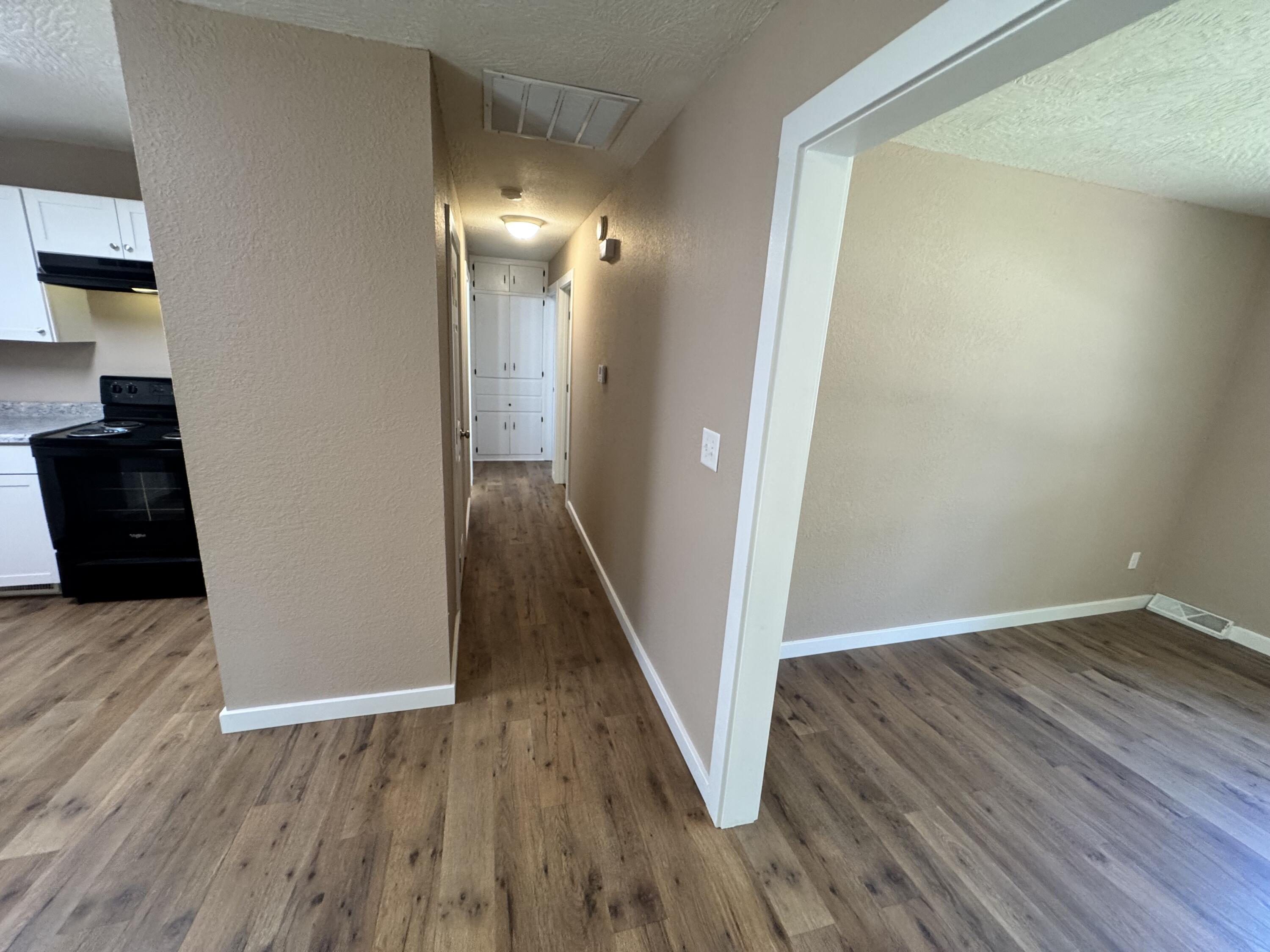 2908 West Scott Street Property Photo 11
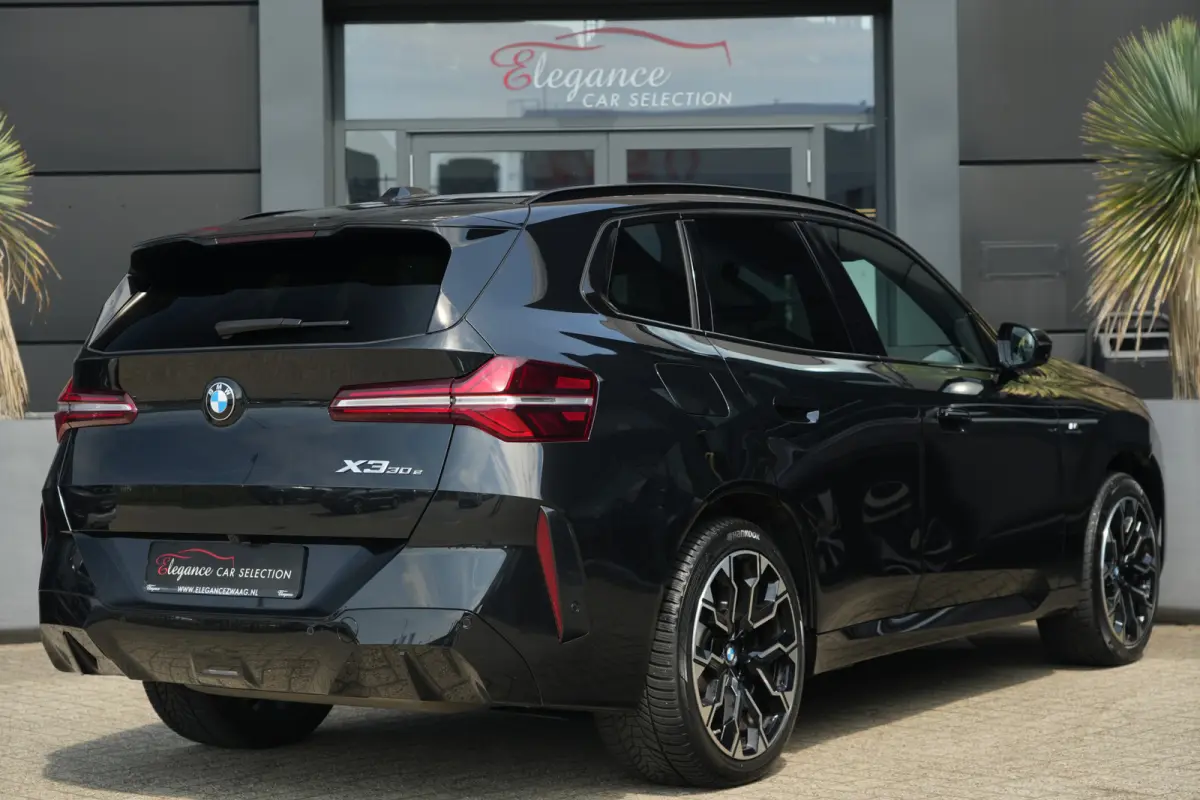30e xDrive M Sport | 300PK | Pano | HUD | 360° | Harman Kardon | 20" | Keyless | Driving Assistant Professional | BMW X3 30e xDrive M Sport 300 PK Plug-in Hybrid met 2.0 viercilinder, panor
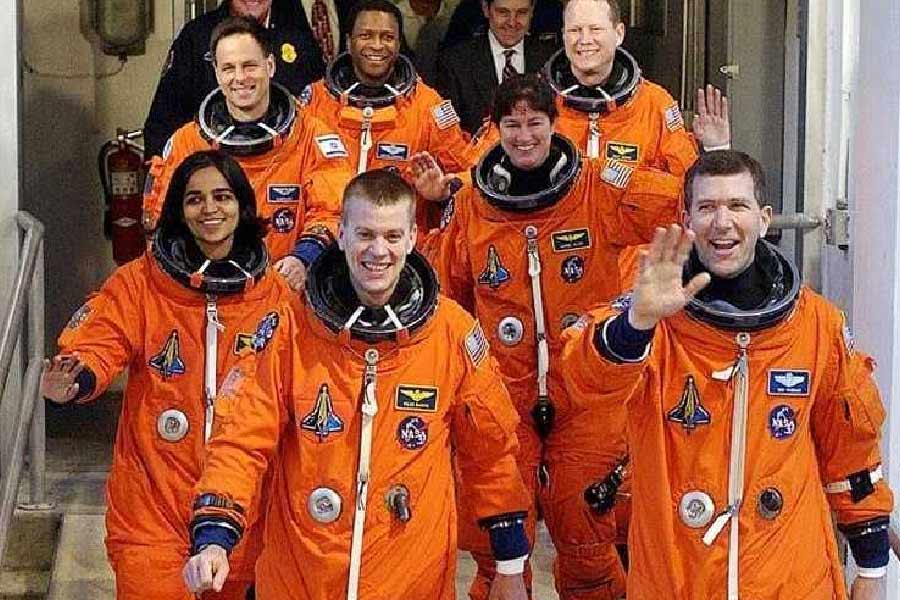 রিককে পৃথিবীতে প্রবেশের বিষয়ে সবুজ সঙ্কেত দিয়েছিলেন। এর মাধ্যমেই মহাকাশে ২৮তম অভিযান সম্পন্ন করার কথা ছিল কলম্বিয়ার।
== == ==
■ **Exercise description**
With the pictures removed, write the listing out word for word.

■ **Output of the task**
 2908 West Scott Street Property Photo 11
30e xDrive M Sport | 300PK | Pano | HUD | 360° | Harman Kardon | 20" | Keyless | Driving Assistant Professional | BMW X3 30e xDrive M Sport 300 PK Plug-in Hybrid met 2.0 viercilinder, panor
 রিককে পৃথিবীতে প্রবেশের বিষয়ে সবুজ সঙ্কেত দিয়েছিলেন। এর মাধ্যমেই মহাকাশে ২৮তম অভিযান সম্পন্ন করার কথা ছিল কলম্বিয়ার।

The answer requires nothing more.